Category Archives: Finance

Obama wants to end tax deductions

Obama Wants to End Tax Deduction for Donations to College Athletics

Obama wants to end tax deductionsThe new budget President Obama sent to Congress this week calls for an end to tax deductions for donations made to college athletic departments for season tickets or preferential seating, also known as seat-related contributions. Currently, 80 percent of these donations are tax deductible.

The administration claims people would pay an additional $2.5 billion in taxes over the next decade with this change.

No doubt, college athletics administrators will watch this development closely. Donations are the highest source of revenue in virtually every athletic department.
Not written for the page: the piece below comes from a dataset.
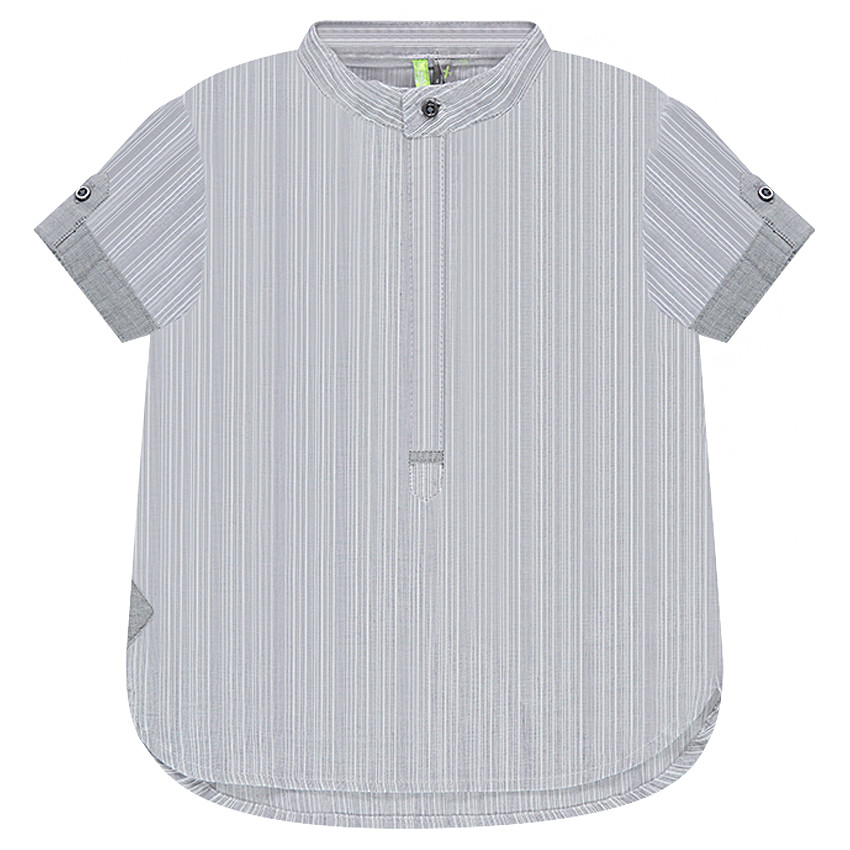 Chemise manches courtes rayées avec col mao 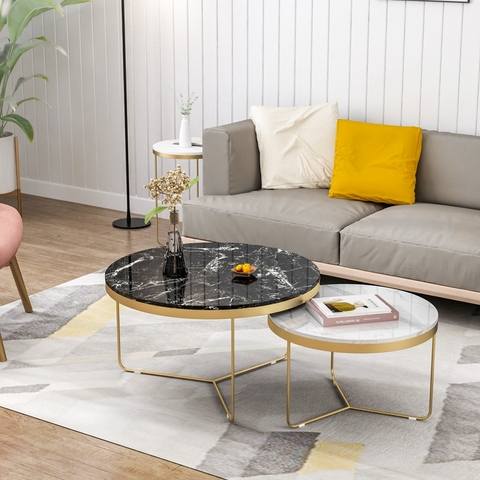 Bàn Trà Đôi Tròn D6045 Mặt Đá Trắng & Đen Chân Y Sắt Sơn Vàng - BT187.3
Yes, even higher than those television contracts you hear so much about.

Here is a random sampling of schools throughout FBS to give you an idea of the revenue they generate from donations compared to their total distribution from their conference (television contract, championships, etc.) and the NCAA (March Madness):

School Donations NCAA + Conference Distribution
Alabama $34,233,035 $23,855,929
Louisville $28,935,662 $15,349,134
Michigan $31,285,461 $27,845,239
Texas $37,386,271 $21,740,373
Western Kentucky $3,379,547 $1,634,776
Utah State $2,962,548 $1,888,296
Central Florida $5,088,098 $3,333,291
Source: Reports filed by schools with the NCAA for the 2012-2013 school year
The numbers above include all contributions reported for the year, not just donations made as required for season tickets or preferential seating. However, those seat-related donations account for the majority of donations on a year-to-year basis according to the development folks I’ve interviewed.
Would fans still donate if they no longer received that 80 percent tax deduction? One athletic director told me for my book Saturday Millionaires a couple of years ago that he thought donations would drop by as much as half without the deduction.
Would fans really be willing to give up their seats and all the years of points they’ve built up if they weren’t getting the tax deduction? I’m sure there would be some at the lower end of the scale who might not see it as such a good investment anymore, but I’m not wholly convinced it would have a major impact on giving.  I’d love to hear from those of you working in development in the comments section!
As a side note, Obama’s budget plan also calls for an end to the use of tax-exempt bonds to build facilities for professional sports teams. The plan states debt to finance those facilities would be taxable if 10 percent or more of the facility is used for a private business (i.e., a professional sports team). Implementation is projected to be worth $542 million in tax revenue over ten years.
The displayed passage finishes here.